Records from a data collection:
---
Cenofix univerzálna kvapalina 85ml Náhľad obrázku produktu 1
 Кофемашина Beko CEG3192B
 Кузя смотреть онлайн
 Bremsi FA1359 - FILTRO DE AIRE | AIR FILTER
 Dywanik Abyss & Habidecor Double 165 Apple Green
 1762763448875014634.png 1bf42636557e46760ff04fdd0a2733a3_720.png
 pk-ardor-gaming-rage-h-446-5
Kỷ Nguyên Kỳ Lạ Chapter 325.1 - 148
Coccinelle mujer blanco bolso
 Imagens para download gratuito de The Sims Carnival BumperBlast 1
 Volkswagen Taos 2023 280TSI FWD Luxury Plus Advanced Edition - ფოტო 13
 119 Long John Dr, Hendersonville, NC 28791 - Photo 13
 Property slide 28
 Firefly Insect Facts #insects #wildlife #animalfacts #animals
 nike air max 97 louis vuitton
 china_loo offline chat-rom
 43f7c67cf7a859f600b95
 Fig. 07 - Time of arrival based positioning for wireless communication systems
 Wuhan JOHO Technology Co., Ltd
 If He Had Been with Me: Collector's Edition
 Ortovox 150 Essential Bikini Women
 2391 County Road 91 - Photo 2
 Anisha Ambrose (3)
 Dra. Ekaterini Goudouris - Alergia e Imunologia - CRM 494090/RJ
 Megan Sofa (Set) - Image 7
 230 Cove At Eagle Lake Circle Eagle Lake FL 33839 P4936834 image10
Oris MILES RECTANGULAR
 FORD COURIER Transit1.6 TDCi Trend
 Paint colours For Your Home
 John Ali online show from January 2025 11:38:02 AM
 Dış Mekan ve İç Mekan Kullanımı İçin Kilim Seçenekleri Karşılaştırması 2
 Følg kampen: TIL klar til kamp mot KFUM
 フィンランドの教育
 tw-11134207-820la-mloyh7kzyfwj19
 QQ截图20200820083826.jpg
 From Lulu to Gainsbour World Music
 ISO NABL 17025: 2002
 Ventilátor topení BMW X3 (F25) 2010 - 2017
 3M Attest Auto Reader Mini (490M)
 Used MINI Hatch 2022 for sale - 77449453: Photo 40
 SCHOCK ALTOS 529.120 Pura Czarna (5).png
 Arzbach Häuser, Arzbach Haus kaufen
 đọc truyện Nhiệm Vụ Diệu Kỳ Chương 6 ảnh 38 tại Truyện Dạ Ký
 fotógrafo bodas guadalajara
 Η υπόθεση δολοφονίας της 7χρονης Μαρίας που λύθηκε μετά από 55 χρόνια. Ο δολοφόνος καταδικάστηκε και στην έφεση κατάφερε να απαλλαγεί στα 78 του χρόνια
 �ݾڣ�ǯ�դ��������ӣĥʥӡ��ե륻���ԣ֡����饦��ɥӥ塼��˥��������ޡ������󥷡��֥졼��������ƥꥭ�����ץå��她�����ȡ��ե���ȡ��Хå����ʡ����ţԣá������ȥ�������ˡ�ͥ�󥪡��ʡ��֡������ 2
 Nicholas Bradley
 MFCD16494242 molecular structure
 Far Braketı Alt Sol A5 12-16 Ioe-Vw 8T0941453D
---
WHAT TO DO: Look above for the line holding "Used MINI Hatch". Print it and every line after it, exactly, through the line holding "Η υπόθεση δολοφονίας".

SOLUTION FOR THIS PROBLEM:
 Used MINI Hatch 2022 for sale - 77449453: Photo 40
 SCHOCK ALTOS 529.120 Pura Czarna (5).png
 Arzbach Häuser, Arzbach Haus kaufen
 đọc truyện Nhiệm Vụ Diệu Kỳ Chương 6 ảnh 38 tại Truyện Dạ Ký
 fotógrafo bodas guadalajara
 Η υπόθεση δολοφονίας της 7χρονης Μαρίας που λύθηκε μετά από 55 χρόνια. Ο δολοφόνος καταδικάστηκε και στην έφεση κατάφερε να απαλλαγεί στα 78 του χρόνια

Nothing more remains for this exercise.